PROBLEM DESCRIPTION -
Repeat, exactly and completely, the entries shown underneath.

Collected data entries

= = =

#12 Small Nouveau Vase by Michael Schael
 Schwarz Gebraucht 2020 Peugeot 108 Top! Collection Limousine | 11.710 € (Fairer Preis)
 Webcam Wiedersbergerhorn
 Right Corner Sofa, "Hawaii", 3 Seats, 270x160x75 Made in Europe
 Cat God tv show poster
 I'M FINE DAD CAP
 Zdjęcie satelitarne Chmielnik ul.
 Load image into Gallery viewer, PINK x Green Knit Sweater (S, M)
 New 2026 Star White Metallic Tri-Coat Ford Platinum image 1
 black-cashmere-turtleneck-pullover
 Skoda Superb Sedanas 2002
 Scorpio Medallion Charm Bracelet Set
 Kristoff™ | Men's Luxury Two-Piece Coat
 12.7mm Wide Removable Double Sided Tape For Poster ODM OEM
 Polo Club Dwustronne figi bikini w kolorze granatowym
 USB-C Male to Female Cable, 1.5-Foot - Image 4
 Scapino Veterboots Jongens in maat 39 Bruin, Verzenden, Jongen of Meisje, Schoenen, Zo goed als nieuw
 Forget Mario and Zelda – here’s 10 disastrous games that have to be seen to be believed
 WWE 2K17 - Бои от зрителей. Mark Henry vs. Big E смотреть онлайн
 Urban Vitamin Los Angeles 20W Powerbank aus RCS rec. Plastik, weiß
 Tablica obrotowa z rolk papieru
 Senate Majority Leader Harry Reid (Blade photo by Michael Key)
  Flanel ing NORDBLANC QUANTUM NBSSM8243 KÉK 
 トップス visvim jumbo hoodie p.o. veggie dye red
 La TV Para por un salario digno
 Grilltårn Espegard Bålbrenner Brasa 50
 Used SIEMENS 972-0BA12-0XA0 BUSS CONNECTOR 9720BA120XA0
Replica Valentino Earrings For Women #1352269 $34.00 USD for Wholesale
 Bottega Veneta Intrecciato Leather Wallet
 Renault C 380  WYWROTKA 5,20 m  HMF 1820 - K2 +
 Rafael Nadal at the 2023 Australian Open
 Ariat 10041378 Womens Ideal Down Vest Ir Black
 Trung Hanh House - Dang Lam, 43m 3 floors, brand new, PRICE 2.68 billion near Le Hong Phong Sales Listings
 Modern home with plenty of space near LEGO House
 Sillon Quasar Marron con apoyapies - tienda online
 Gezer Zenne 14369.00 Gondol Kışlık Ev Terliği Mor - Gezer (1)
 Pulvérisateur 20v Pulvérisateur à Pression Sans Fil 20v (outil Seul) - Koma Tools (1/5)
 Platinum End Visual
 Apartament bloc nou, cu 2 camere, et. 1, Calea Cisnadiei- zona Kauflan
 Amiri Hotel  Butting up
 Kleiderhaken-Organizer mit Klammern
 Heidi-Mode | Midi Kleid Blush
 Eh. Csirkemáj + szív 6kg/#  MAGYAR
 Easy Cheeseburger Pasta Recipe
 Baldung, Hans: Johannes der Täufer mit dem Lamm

= = =

RESPONSE TO THE EXERCISE -
#12 Small Nouveau Vase by Michael Schael
 Schwarz Gebraucht 2020 Peugeot 108 Top! Collection Limousine | 11.710 € (Fairer Preis)
 Webcam Wiedersbergerhorn
 Right Corner Sofa, "Hawaii", 3 Seats, 270x160x75 Made in Europe
 Cat God tv show poster
 I'M FINE DAD CAP
 Zdjęcie satelitarne Chmielnik ul.
 Load image into Gallery viewer, PINK x Green Knit Sweater (S, M)
 New 2026 Star White Metallic Tri-Coat Ford Platinum image 1
 black-cashmere-turtleneck-pullover
 Skoda Superb Sedanas 2002
 Scorpio Medallion Charm Bracelet Set
 Kristoff™ | Men's Luxury Two-Piece Coat
 12.7mm Wide Removable Double Sided Tape For Poster ODM OEM
 Polo Club Dwustronne figi bikini w kolorze granatowym
 USB-C Male to Female Cable, 1.5-Foot - Image 4
 Scapino Veterboots Jongens in maat 39 Bruin, Verzenden, Jongen of Meisje, Schoenen, Zo goed als nieuw
 Forget Mario and Zelda – here’s 10 disastrous games that have to be seen to be believed
 WWE 2K17 - Бои от зрителей. Mark Henry vs. Big E смотреть онлайн
 Urban Vitamin Los Angeles 20W Powerbank aus RCS rec. Plastik, weiß
 Tablica obrotowa z rolk papieru
 Senate Majority Leader Harry Reid (Blade photo by Michael Key)
  Flanel ing NORDBLANC QUANTUM NBSSM8243 KÉK 
 トップス visvim jumbo hoodie p.o. veggie dye red
 La TV Para por un salario digno
 Grilltårn Espegard Bålbrenner Brasa 50
 Used SIEMENS 972-0BA12-0XA0 BUSS CONNECTOR 9720BA120XA0
Replica Valentino Earrings For Women #1352269 $34.00 USD for Wholesale
 Bottega Veneta Intrecciato Leather Wallet
 Renault C 380  WYWROTKA 5,20 m  HMF 1820 - K2 +
 Rafael Nadal at the 2023 Australian Open
 Ariat 10041378 Womens Ideal Down Vest Ir Black
 Trung Hanh House - Dang Lam, 43m 3 floors, brand new, PRICE 2.68 billion near Le Hong Phong Sales Listings
 Modern home with plenty of space near LEGO House
 Sillon Quasar Marron con apoyapies - tienda online
 Gezer Zenne 14369.00 Gondol Kışlık Ev Terliği Mor - Gezer (1)
 Pulvérisateur 20v Pulvérisateur à Pression Sans Fil 20v (outil Seul) - Koma Tools (1/5)
 Platinum End Visual
 Apartament bloc nou, cu 2 camere, et. 1, Calea Cisnadiei- zona Kauflan
 Amiri Hotel  Butting up
 Kleiderhaken-Organizer mit Klammern
 Heidi-Mode | Midi Kleid Blush
 Eh. Csirkemáj + szív 6kg/#  MAGYAR
 Easy Cheeseburger Pasta Recipe
 Baldung, Hans: Johannes der Täufer mit dem Lamm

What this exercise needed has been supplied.